Now to address the temperatures. The bottom line is that it depends on the brand and foam system.  Most manufacturers of machine processed foam systems have hot and cold weather versions of their products.  The retail products (cans and kits) are usually more forgiving as they are designed to be simple, but they don't have to do much except make a seal.  Dimensional stability, aged R-value, etc. are less important in lower density sealants than for serious insulation / air and vapor barrier materials. 

  1. Caulking (tubes): All of our stock is on the road with the trucks, but the other types (latex, silicone, hybrids, etc.) all say above 40 degrees F.
  2. Foam sealants (cans): Pur fill 1G says can must be 60 to 80, but doesn't give a substrate, ambient, or curing temperature. There is reportedly a new product on the market called Zero Draft. Its product data sheet indicates that it can be installed down to ?4 degrees F. We have not tested this material yet in the field.

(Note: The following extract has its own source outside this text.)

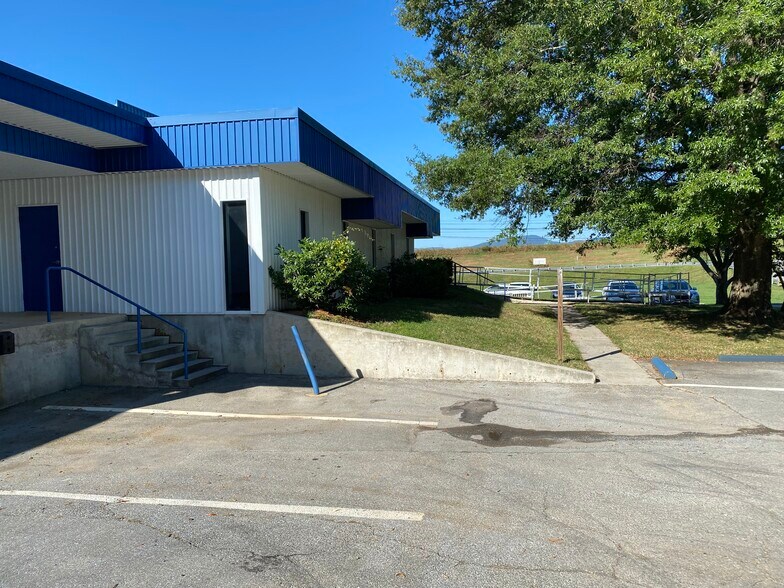 5119 Hollins Rd, Roanoke, VA 24019 Stand Alone OfficeIndustrial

  3. Portable units (kits): Product data related to processing temperatures is scarce, but our supplier says he recommends 45 degrees F as the lower limit for this and the Pur fill products he distributes. The published service temperature range for the Insta-foam kits is -47 to 176 F. The Zero Draft products may be available in a two-component kit form as well.

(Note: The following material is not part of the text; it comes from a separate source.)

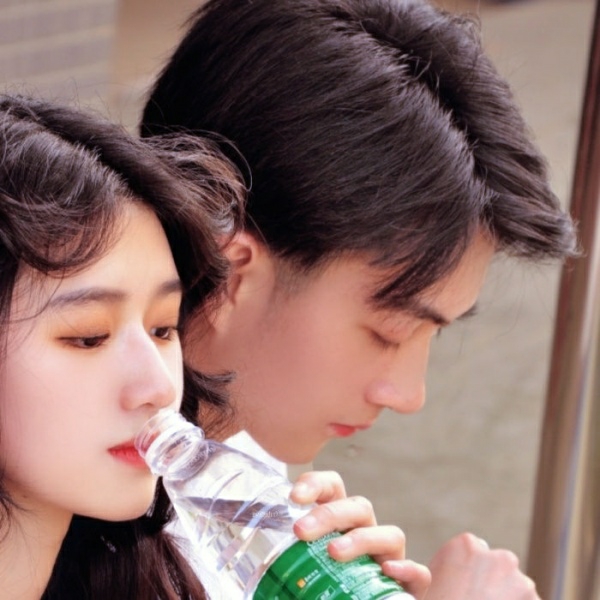 情侣头像是给对方的一个安全感,情侣头像温柔且坚定善良并勇敢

  4. Machine-Processed Systems: At the "big dig" we used foam that could be sprayed on ice and snow (down to say 10 degrees F) and we do steam pipes (up to 250 degrees). Most normal foam insulation systems range from 20 to 120 in the product data sheets. Material storage, processing, substrate, ambient, curing, and service temperatures and durations vary significantly from product to product. SUPERGREEN FOAM has a lower limit for processing of 60 degrees F, but installation techniques can stretch the limits a little (pass thickness, etc.). Icynene claims a much colder processing ambient or substrate temperature where closed-cell foam is not required. Published service temperatures for all of the urethanes we use are from -40 to 280 degrees F.